Every completed experiment must generate 5-15 new tasks — questions raised, follow-up analyses needed, or new hypotheses to test. This ensures the research queue never runs dry.
Experiment Properties
| Property | Description |
|---|---|
id | Unique identifier (e.g., EXP-054) |
name | Human-readable name |
status | Current lifecycle stage |
agent | Assigned agent(s) |
pod | GPU pod allocation |
inputs | Input datasets, configs, parameters |
outputs | Result files, figures, metrics |
qc_score | Quality control score (0-100) |
duration | Wall-clock runtime |
cost | Compute cost in USD |
parent | Parent experiment (if this is a follow-up) |
Compute Allocation
When an experiment is queued, the system selects the optimal pod:
If estimated_runtime(H100) * cost_per_hour(H100) < estimated_runtime(H200) * cost_per_hour(H200):
allocate H100
else:
allocate H200
You can override this by specifying a pod type explicitly.
Reproducibility
Every experiment automatically captures:
- Git commit of the codebase at execution time
- Exact package versions (pip freeze / conda list)
- Config files (YAML, JSON) used
- Input data checksums (SHA-256)
- Random seeds
This means any experiment can be re-run identically months or years later.
CLI
# Run an experiment
hubify experiment run --name "mcmc-base" --pod h100 --config config.yaml
# Check status
hubify experiment status EXP-054
# List recent experiments
hubify experiment list --limit 20
# View logs
hubify logs EXP-054 --follow
# Rerun a failed experiment
hubify experiment rerun EXP-054
Chaining Experiments
Experiments can depend on each other.
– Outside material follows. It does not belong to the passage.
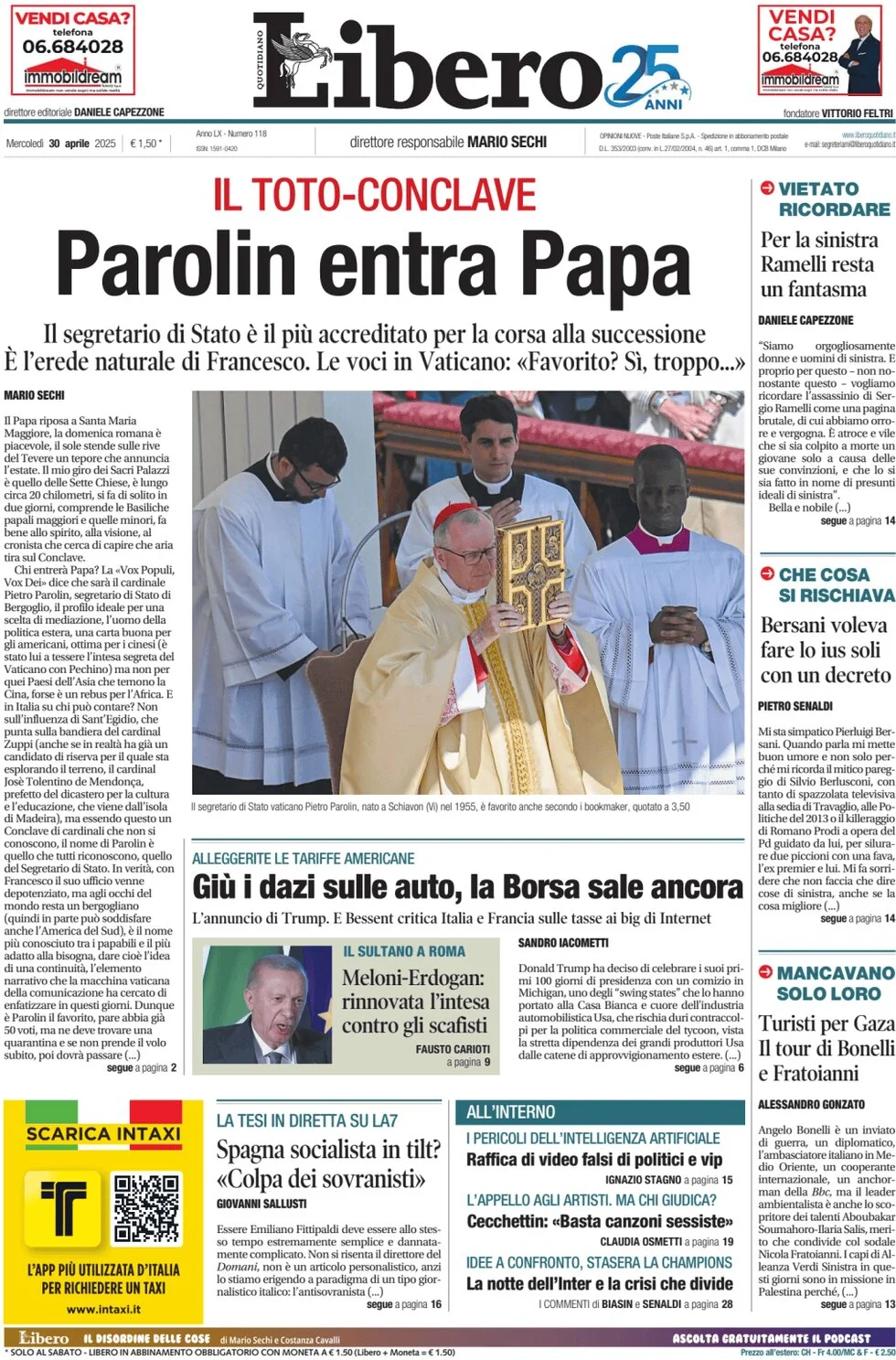 anteprima della prima pagina di Libero Quotidiano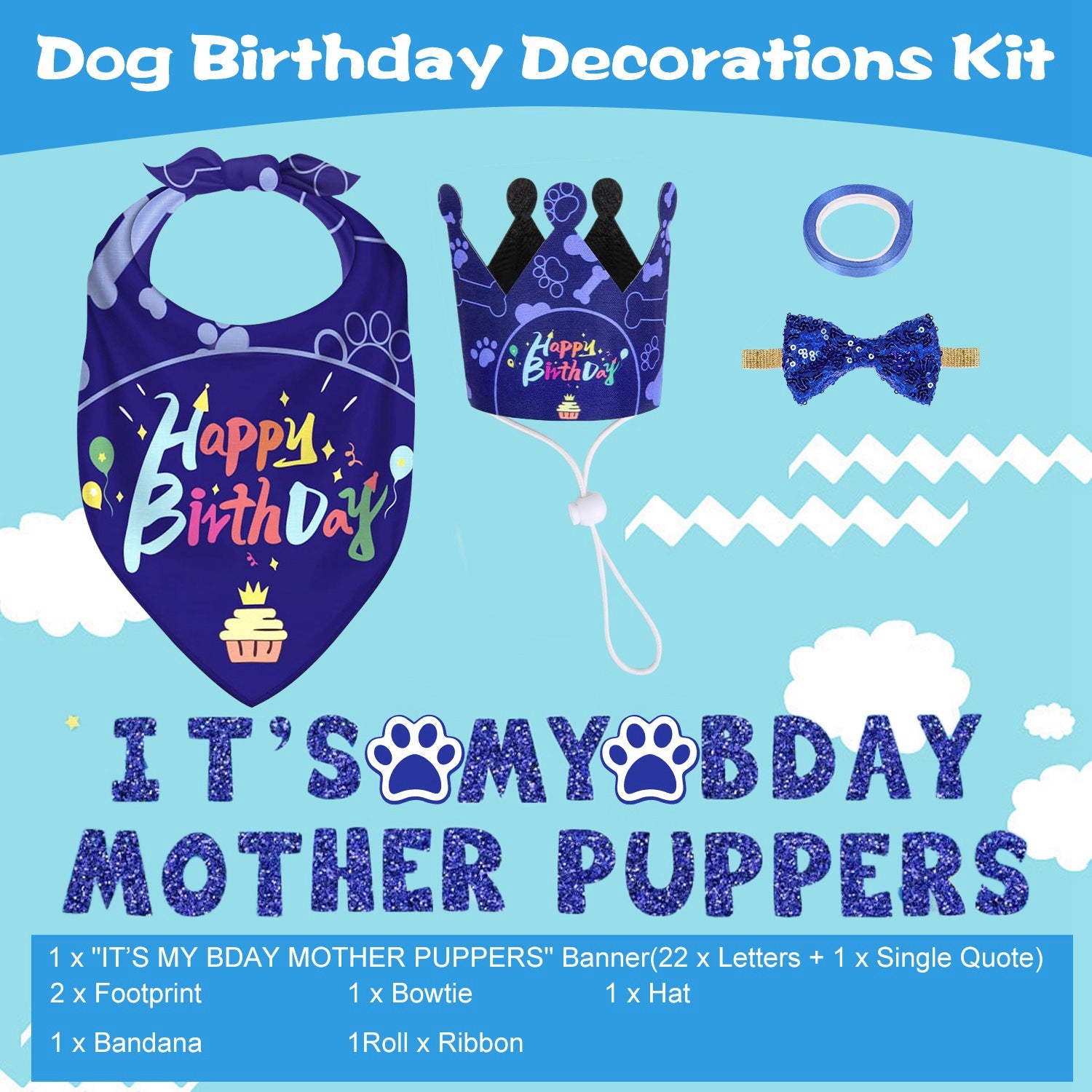 Dog Birthday Bandana Hat Set Dog Birthday Party Supplies Cute Dog Birthday Banner Decoration with Hat Bandana Bowtie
When experiment A completes, experiment B automatically starts with A's outputs as inputs:
# experiment-chain.yaml
chain:
- name: "data-preprocessing"
pod: h100
script: preprocess.py
- name: "mcmc-sampling"
pod: h200
script: run_mcmc.py
depends_on: "data-preprocessing"
- name: "convergence-check"
pod: cpu
script: check_convergence.py
depends_on: "mcmc-sampling"
hubify experiment run --chain experiment-chain.yaml